Я страстно желал тогда чего-то такого, чего другие по тем или иным причинам написать не могут или вообще не хотят. Чего-то такого, что я должен был бы написать за них.

Я думал тогда, что литература столетия полна такого рода нехватками. Даже у самых великих повсюду видны места ампутаций. Я полагал, что речь идет не о случайных, инстинктивных жестах, порожденных, возможно, безответственностью, но об определенных запретах, диктуемых нашей культурой. Тот, кто умеет читать культуру, не только знает толк в ампутациях, но и видит, когда и почему какую конечность надо было отпилить.

В моем глубоком понимании, в моих амбициозных планах была только одна тематическая загвоздка. Я все еще мог выпасть из этой изящно спланированной стилистической игры — повинуясь тому самому культурному запрету, из-за которого Томасу Манну и еще стольким великим пришлось подвергнуться ампутации, или, по крайней мере, мне нельзя было говорить от первого лица единственного числа. Но что было бы, тут же представил я далее, если бы я изящно и невинно разместил рядом с этой игрой, развитой до плагиата, до идиотизма, до пародии пародий, то, из чего происходит собственная моя игра с ее вкусом к сальностям, что было бы, если бы самым грубым, самым аморфным образом я швырнул рядом с чрезвычайно изысканным в стилистическом отношении простецкие документы моей собственной жизни. Это было бы красиво, думал я уже в лихорадочном воодушевлении, я подал бы кроваво-серьезное как игру. Оформленное и аморфное, опосредованное и непосредственное мило взглянули бы в глаза друг другу, и таким образом я получил бы структуру, которая в точности воспроизводила бы структуру классического романа и при этом существенно отличалась бы от него, поскольку у глав с различной стилистической ценностью не только было бы самостоятельное значение, но, подобно мосту, они связывали бы то, что во мне так различно и противоречиво. Таким образом, сложилась бы прозрачная структура, в которой я играючи соединил бы в единое целое различные, с противоположными значениями элементы и мотивы, никак не противореча самому себе. Чего не сказал бы так, то сказал бы эдак, повинуясь где стилистическим, где тематическим своим склонностям, почти по собственному капризу и произволу, точнее, как раз следуя тем закономерностям, что делают человека то разговорчивым, то молчаливым, то бесстыдным, то застенчивым. Я не привязывался бы к какой-либо одной интонации или манере, ничто не принуждало бы меня проговорить весь роман до самого конца в одной гамме, я мог бы быть то таким, то эдаким, мог бы показываться то отсюда, то оттуда, свободно и с высоко поднятой головой щеголял бы чужими перьями, и эта напряженная аморфность могла бы стать формой не отдельных частей, но целого.

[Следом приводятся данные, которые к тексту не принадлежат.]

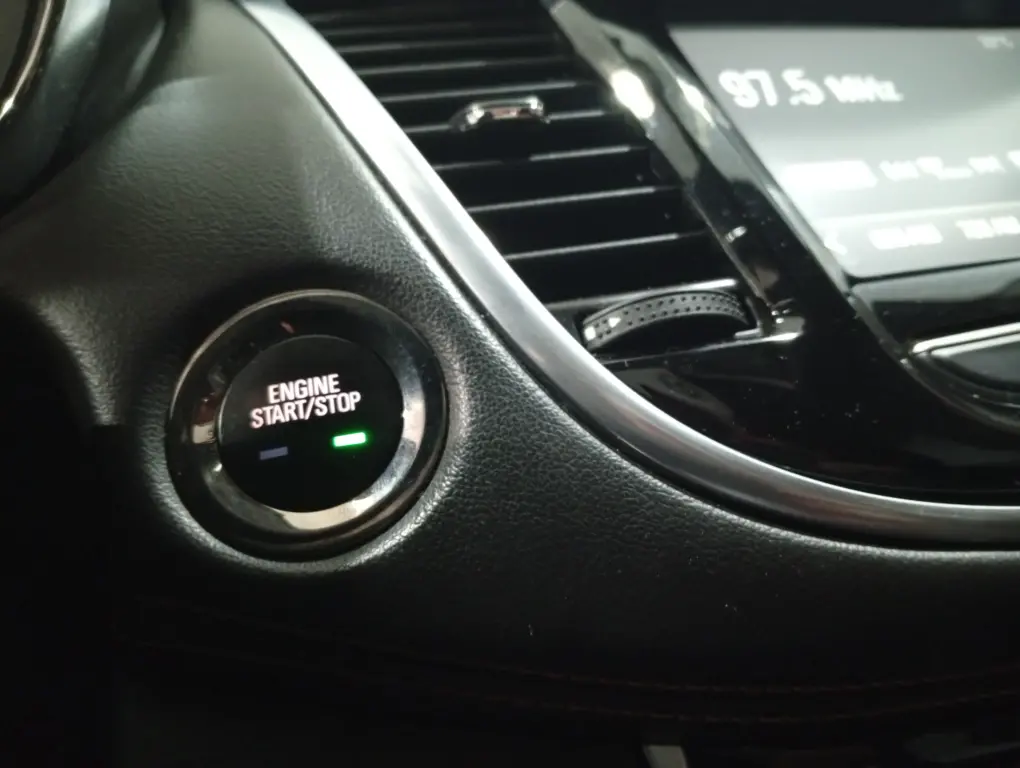 CHEVROLET Tracker - Foto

Вернувшись домой и выздоровев, я уже с ясной головой приступил к работе.

Попытался нащупать стилизованный голос, но из этого вышло обезьянничанье. Попытался раз, другой, третий. Не получалось.

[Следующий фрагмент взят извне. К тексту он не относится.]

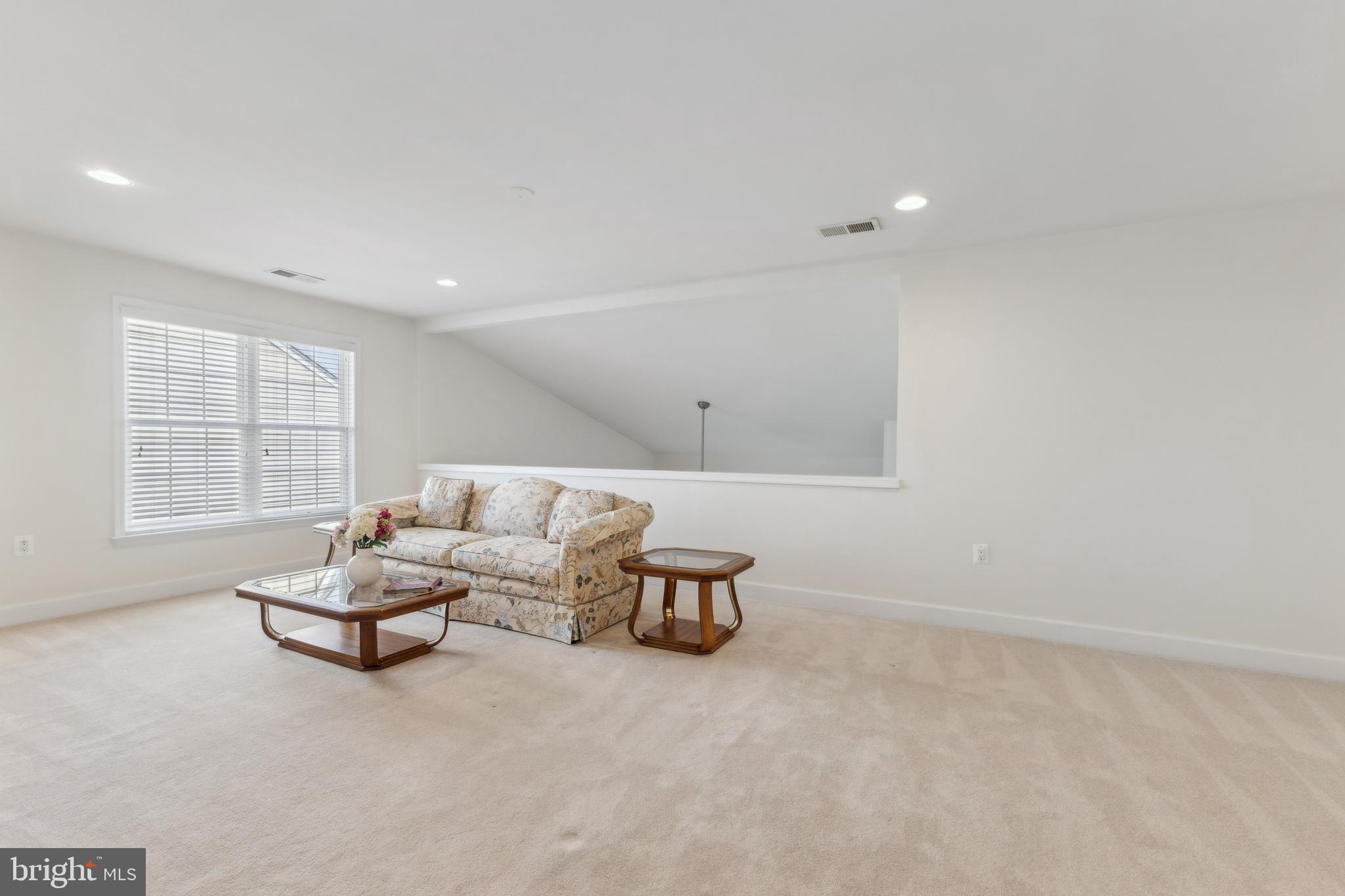 44446 Oakmont Manor Sq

Тщетно я искал опоры в стилистике двух великих ампутаторов, Марселя Пруста и Томаса Манна, поскольку плохо думал о них. Я принял за ампутацию обходные пути их повествований. Сравнивая факты их жизни с их эстетикой, я подозревал их во лжи, то есть оценивал форму с этической точки зрения. Пруст и Манн писали в стиле, явно слишком пародийном для того, чтобы я мог сделать их предметами своего пародирования. Позже я, правда, нашел те грошовые романы конца и начала века, которыми питалась их пародия, и сам изрядно испил из этого мутного источника, но тогда я еще был далек от действительно очевидного решения, согласно которому самое изысканное питается наиболее тривиальным, поскольку далек был и от понимания того, что прямая речь скрывает свой предмет по крайней мере в той же степени, что и непрямая; с юношеской смелостью я желал довериться прямой речи и презирал речь непрямую. Меня смертельно раздражало, что я опять занимаюсь стилистикой. Я хотел не читать, не изучать источники, а писать. Словом, я не в силах был противостоять страстному желанию: все то, чего мне не удалось написать о нескольких мгновениях единственного вечера своего героя по имени Томас, написать не о нем, а без всякого переноса и различия — о самом себе.